Pozytywny dla spadochroniarzy, ale wciąż nieprawomocny wyrok rodzi kilka pytań wymagających pilnej odpowiedzi. Jakie były powody, aby spadochroniarzy wywlec o świcie z domów w kilka godzin po ich powrocie z afgańskiej wojny? Kto w listopadzie 2007 r. zadecydował o wysłaniu uzbrojonych po zęby żandarmów z bronią automatyczną, którzy na oczach najbliższych i przed obiektywami kamer telewizyjnych wyprowadzali zakutych w kajdanki żołnierzy z wykręconymi rękami? Dlaczego członków zespołu „Alfa” przez wiele miesięcy przetrzymywano w celach razem z pospolitymi przestępcami?
W tej niesmacznej sprawie złą rolę odegrała polityka. O wytoczeniu przeciw żołnierzom najcięższych zarzutów zadecydowały informacje wojskowych służb specjalnych podlegających w 2007 r. Antoniemu Macierewiczowi. To na ich podstawie ówczesny szef MON, nieżyjący dziś Aleksander Szczygło wyrobił sobie opinię o „durniach strzelających do cywilów”.

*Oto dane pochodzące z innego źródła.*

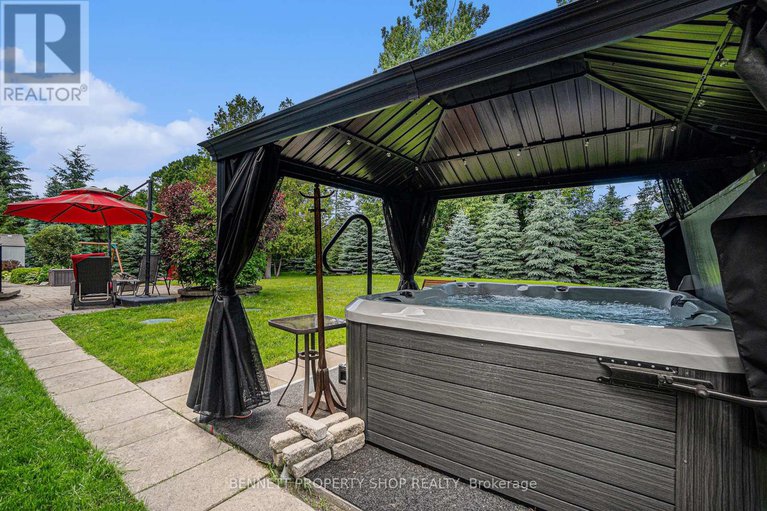 28526426/6535-empire-grove-street/greely/ottawa/ontario/K4P1G6_29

Generał stracił stanowisko
Kilka miesięcy po Nangar Khel, 18. batalion powietrznodesantowy (wtedy desantowo-szturmowy) stał się obiektem nagonki zarządzonej przez „cywilne zwierzchnictwo” Ministerstwa Obrony Narodowej. Gdy na polecenie MON prokuratura i Żandarmeria Wojskowa prześwietliły żołnierzy jednostki, okazało się, że 41 (z około 800) ma za sobą wyroki. W marcu 2008 r. minister Bogdan Klich mówił o „kryminalnej przeszłości” wielu żołnierzy batalionu. Kiedy dowódca 6. Brygady Desantowo-Szturmowej gen. Jerzy Wójcik zaprotestował przeciwko takiemu określaniu jego podwładnych - zwracając uwagę, iż chodzi o wyroki nieprawomocne bądź zatarte - stracił stanowisko.

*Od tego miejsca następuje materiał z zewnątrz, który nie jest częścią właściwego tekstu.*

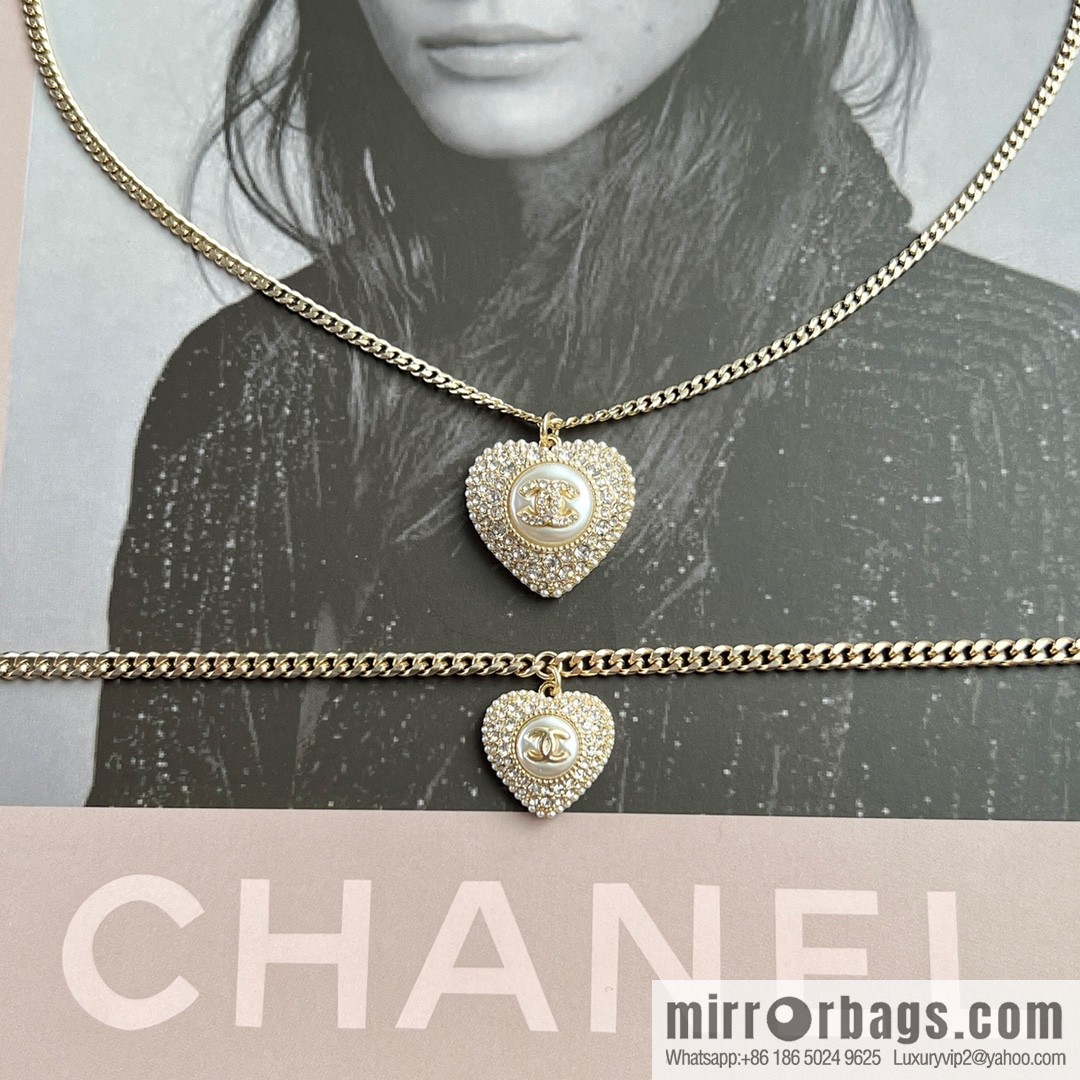 New ☑️ Chanel double c full diamond peach heart love bracelet necklace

Wczoraj w przypochlebianiu się wojsku i opinii publicznej wyprzedził Bogdana Klicha minister Radosław Sikorski. Tuż po ogłoszeniu wyroku, szef MSZ na Twitterze napisał - „Są jeszcze sądy w Warszawie! Żołnierze niewinni. Rzeczpospolita dba o swoich obrońców. Rozliczyć trzeba tych, którzy nakręcili aferę”. Przypomnieć należy, że większość czasu, jaki uniewinnieni żołnierze spędzili w areszcie, przypadła na okres obecnego rządu.
O tym, jak Rzeczpospolita - a raczej elity rządzące - dba o swoich obrońców świadczy sprawa głośnej dymisji dowódcy Wojsk Lądowych gen. broni Waldemara Skrzypczaka. W sierpniu 2008 r. przemawiając nad trumną poległego w Afganistanie oficera, generał z goryczą powiedział o mnożonych przez cywilno-wojskową biurokrację problemach z wyposażeniem żołnierzy walczących w Afganistanie. Dowódca zadbał o bezpieczeństwo swoich żołnierzy i też musiał odejść ze stanowiska.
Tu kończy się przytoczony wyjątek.